Captioned web images:
========================================

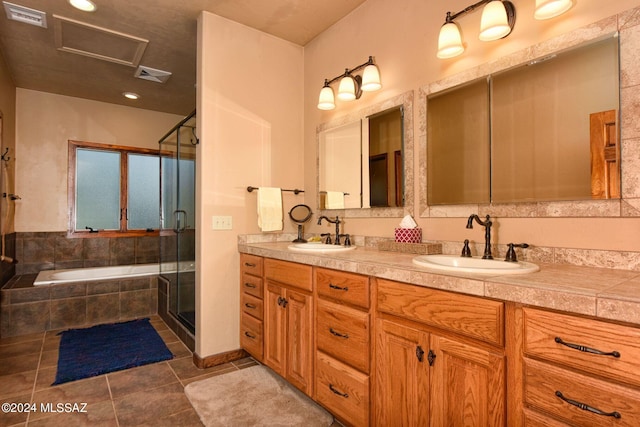 bathroom with tile patterned flooring, vanity, and shower with separate bathtub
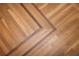 Detailed view of hardwood floors laid in a herringbone pattern at 5102 Chastleton Dr, Stone Mountain, GA 30087
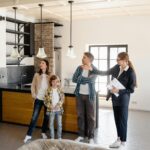 Real estate agent giving a tour of a modern kitchen to a family, explaining the features and benefits to the parents and their child. The agent is pointing to the lights and engaging with the clients, demonstrating a professional and informative approach to building relationships with homeowners and developers.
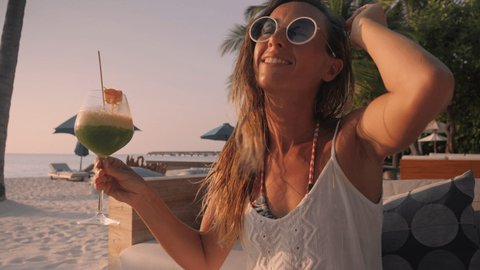 Slow motion: Woman having a cocktail at sunset on tropical beach. Young female partying in luxury establishment on the beach 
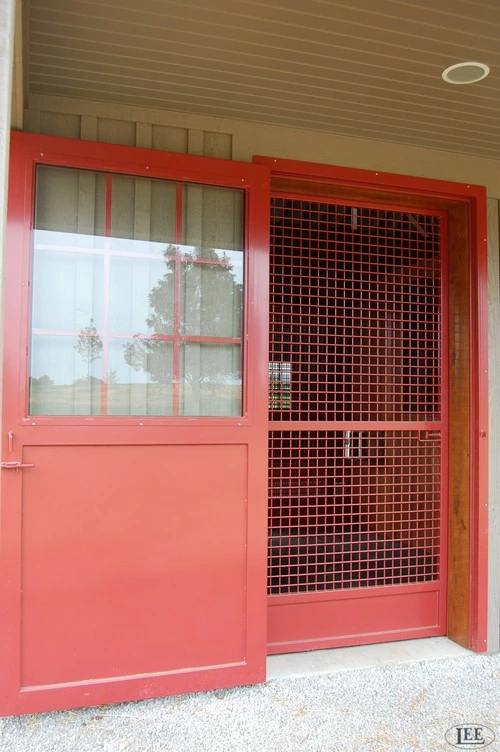 Red metal Dutch-style stall door with frosted glass upper panel and wire mesh lower section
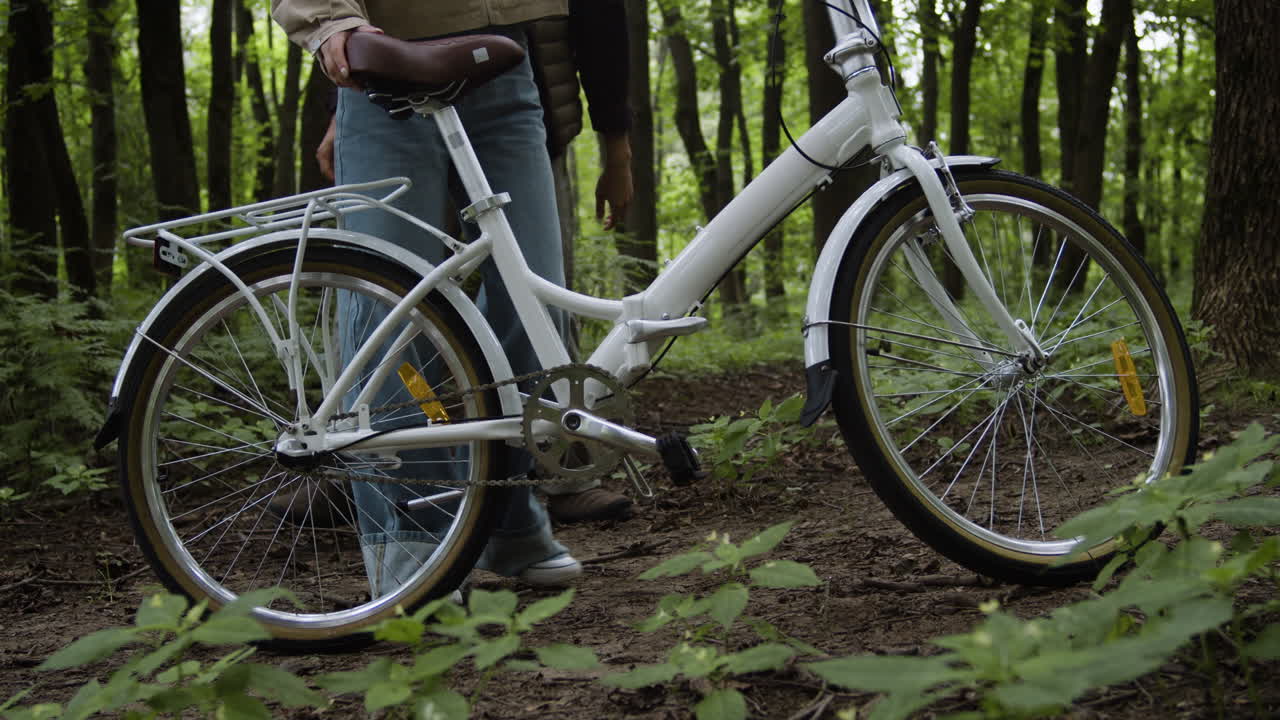 People with a bicycle in the forest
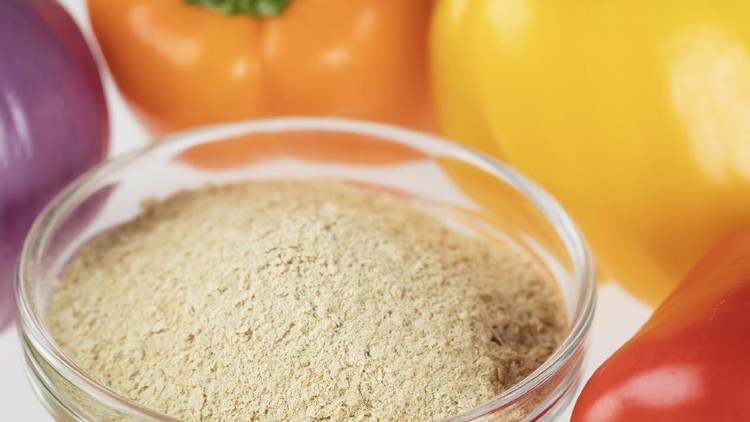 Nutritional yeast on green wooden background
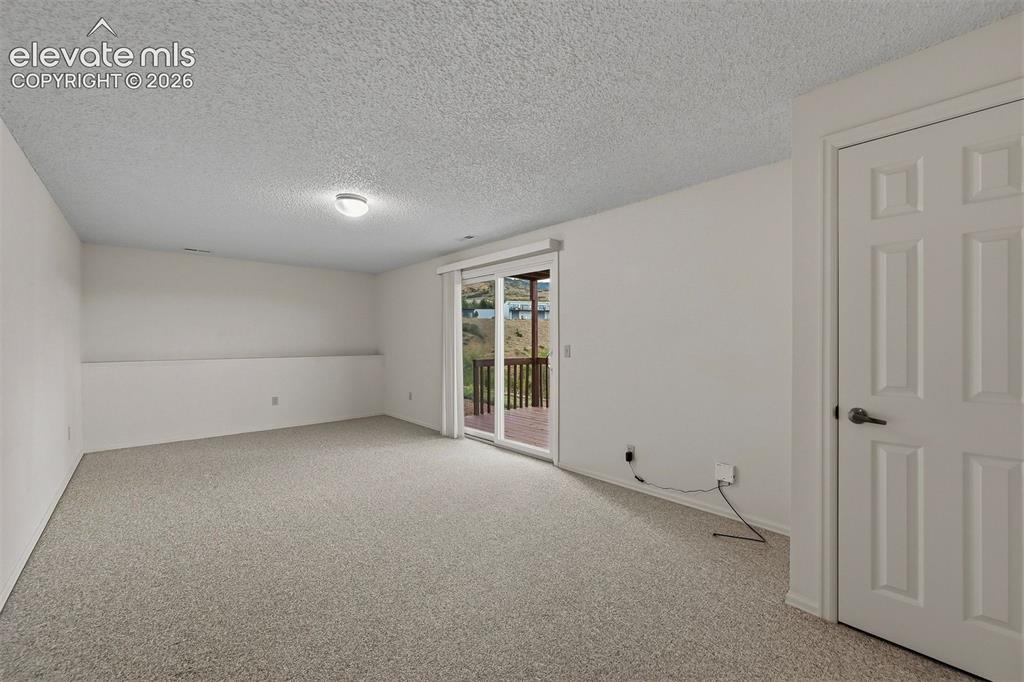 Image 25 of 40: Basement walkout family room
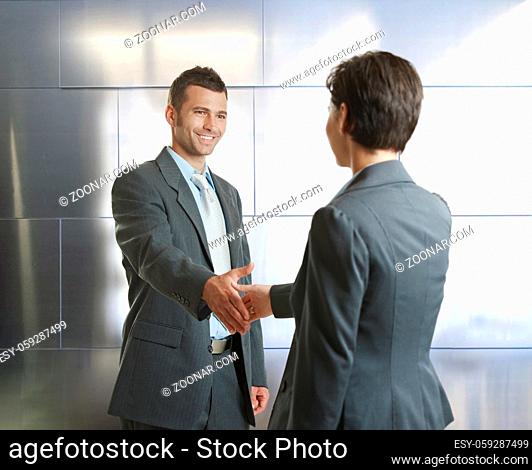 Smiling businessman and businesswoman shaking hands in modern design office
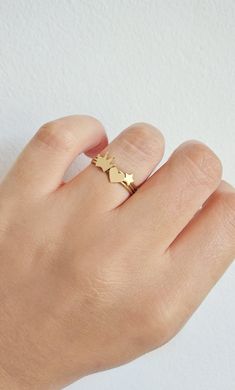 14K 9K Solid Gold Heart Ring, Delicate gold ring, Dainty Rose Gold heart ring, Love Romatnic Jewelry, Minimalist Stacking gold ring, Gift for her, Stackable gold ring, 14K rose gold ring, 9K rose gold ring, 9K gold ring, FREE EXPRESS SHIPPING Dainty 14K or 9K solid gold ring with a tiny heart. Love is always around, hear its whispers and embrace it. <3 More dainty gold rings here: https://www.etsy.com/shop/WhisperGold?ref=seller-platform-mcnav&section_id=23760120 ------------------------- Dainty Tiny Gold Heart Ring, Dainty Gold Midi Rings For Valentine's Day, Delicate Gold Heart Midi Rings, Gold Heart-shaped Midi Rings In 14k Gold, Dainty Yellow Gold Midi Rings For Valentine's Day, Dainty Rose Gold Heart Ring For Mother's Day, Delicate Gold Stackable Rings For Valentine's Day, Delicate Gold Midi Rings For Valentine's Day, Gold Dainty Heart Ring For Mother's Day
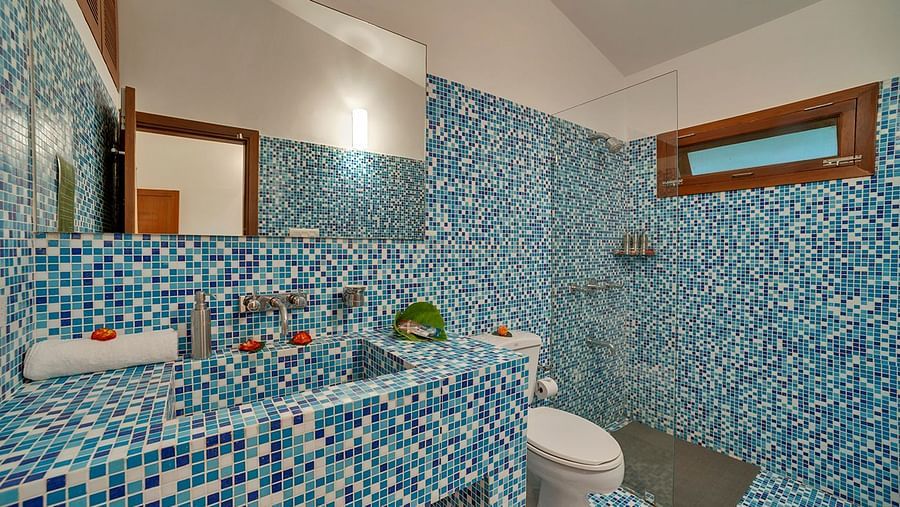A bathroom with blue mosaic tiles, a toilet, and a sink - Shreyas Retreat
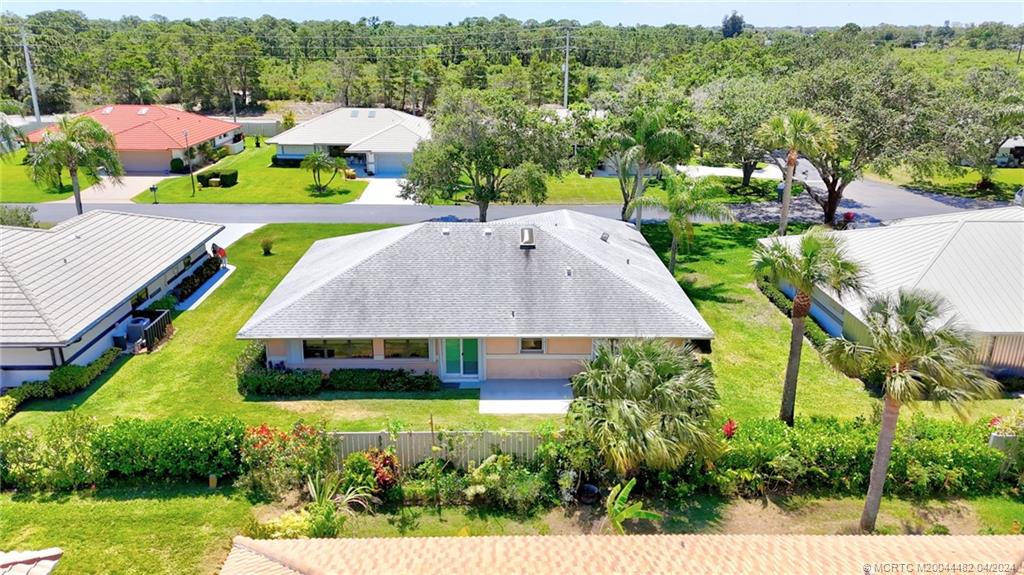 5139 Southeast Hanson Circle Stuart, FL 34997 - Photo 3 of 27 a aerial view of a house with swimming pool and mountains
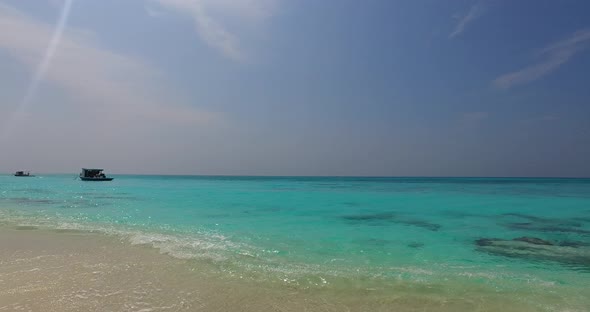 Tropical above tourism shot of a sunshine white sandy paradise beach and turquoise sea background in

========================================

_What to do_
All lines from the one containing "A bathroom with" to the last line of the records above, and no others, should be returned unchanged, without pictures.

_Solution_
A bathroom with blue mosaic tiles, a toilet, and a sink - Shreyas Retreat
 5139 Southeast Hanson Circle Stuart, FL 34997 - Photo 3 of 27 a aerial view of a house with swimming pool and mountains
 Tropical above tourism shot of a sunshine white sandy paradise beach and turquoise sea background in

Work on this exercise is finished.